We begin with structure.
Every research program rests on three elements:
A problem - describes reality.
A gap - identifies what is missing.
A hook - justifies inquiry.
Many researchers:
Collapse these elements.
Insert the solution inside the problem.
Exaggerate the hook.
Claim impact too early.
That creates structural instability.
Let us examine two versions from the IO project.
Intraosseous insertion is a very important medical procedure that can save lives.
However, current training models are expensive and not very good.
Because of this, many learners do not receive optimal training.
Therefore, we developed a better and more innovative simulator.
There is currently no effective IO simulator that improves learning outcomes.
Therefore, a new simulator is needed to enhance training and improve patient safety.
This new simulator will significantly improve training quality, enhance procedural competence, and ultimately improve patient outcomes across healthcare systems.
The language is vague (“very important,” “not very good”).
The solution appears inside the problem.
The gap makes unsupported universal claims.

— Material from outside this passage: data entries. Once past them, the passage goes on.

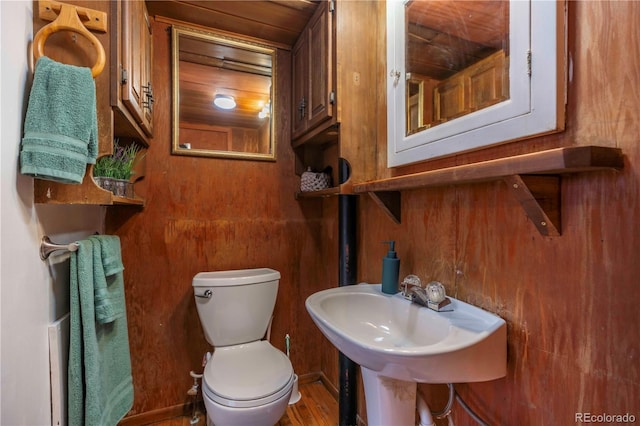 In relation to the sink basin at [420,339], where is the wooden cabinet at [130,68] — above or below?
above

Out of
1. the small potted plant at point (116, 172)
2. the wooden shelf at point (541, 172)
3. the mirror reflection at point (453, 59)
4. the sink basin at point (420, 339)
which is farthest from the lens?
the small potted plant at point (116, 172)

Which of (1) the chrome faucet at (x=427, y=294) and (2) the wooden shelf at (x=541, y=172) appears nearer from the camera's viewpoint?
(2) the wooden shelf at (x=541, y=172)

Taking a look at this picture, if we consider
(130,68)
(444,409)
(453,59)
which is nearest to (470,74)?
(453,59)

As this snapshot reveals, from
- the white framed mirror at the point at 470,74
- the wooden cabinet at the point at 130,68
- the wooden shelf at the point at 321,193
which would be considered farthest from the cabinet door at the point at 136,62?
the white framed mirror at the point at 470,74

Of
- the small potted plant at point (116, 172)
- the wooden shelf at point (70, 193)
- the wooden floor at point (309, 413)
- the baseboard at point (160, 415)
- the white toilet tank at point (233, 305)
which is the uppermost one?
the small potted plant at point (116, 172)

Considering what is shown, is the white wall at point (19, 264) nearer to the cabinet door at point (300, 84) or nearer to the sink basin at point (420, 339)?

The hook promises outcomes that belong to later research phases.
Impact is assumed before evidence exists.
This is product advocacy, not research positioning.

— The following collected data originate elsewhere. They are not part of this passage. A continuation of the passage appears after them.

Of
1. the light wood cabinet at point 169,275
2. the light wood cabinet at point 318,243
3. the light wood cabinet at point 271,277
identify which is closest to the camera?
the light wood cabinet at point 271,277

Now examine a better version.
Emergency providers must perform intraosseous (IO) access in high-stakes, time-sensitive situations.
Access to durable, affordable, and anatomically realistic training models is inconsistent across regions.
This limits distributed practice opportunities, particularly in rural and decentralized training environments.
Skill acquisition therefore depends heavily on centralized simulation infrastructure rather than learner need.
Existing IO training models are frequently costly, centrally manufactured, or difficult to reproduce locally.
There is limited evidence regarding scalable, locally producible training solutions that maintain anatomical fidelity while reducing cost.
In addition, early-stage development efforts have rarely been positioned within a structured research-to-translation framework.
Without scalable and reproducible training solutions, distributed health systems may remain dependent on centralized infrastructure for procedural skills development.
A locally manufacturable IO simulator, positioned within a phased research-to-translation framework, provides an opportunity to test whether decentralized production models can support equitable access to procedural training.
Notice:
The problem exists without the artifact.
The gap justifies inquiry.
The hook proposes investigation — not guaranteed outcomes.
No patient outcomes are claimed.
No implementation success is assumed.
On Block 3 we will map your problem–gap–hook into a formal developmental framework such as DBR, MRC, or TRL.
An artifact becomes research only when it is structurally positioned within a research program.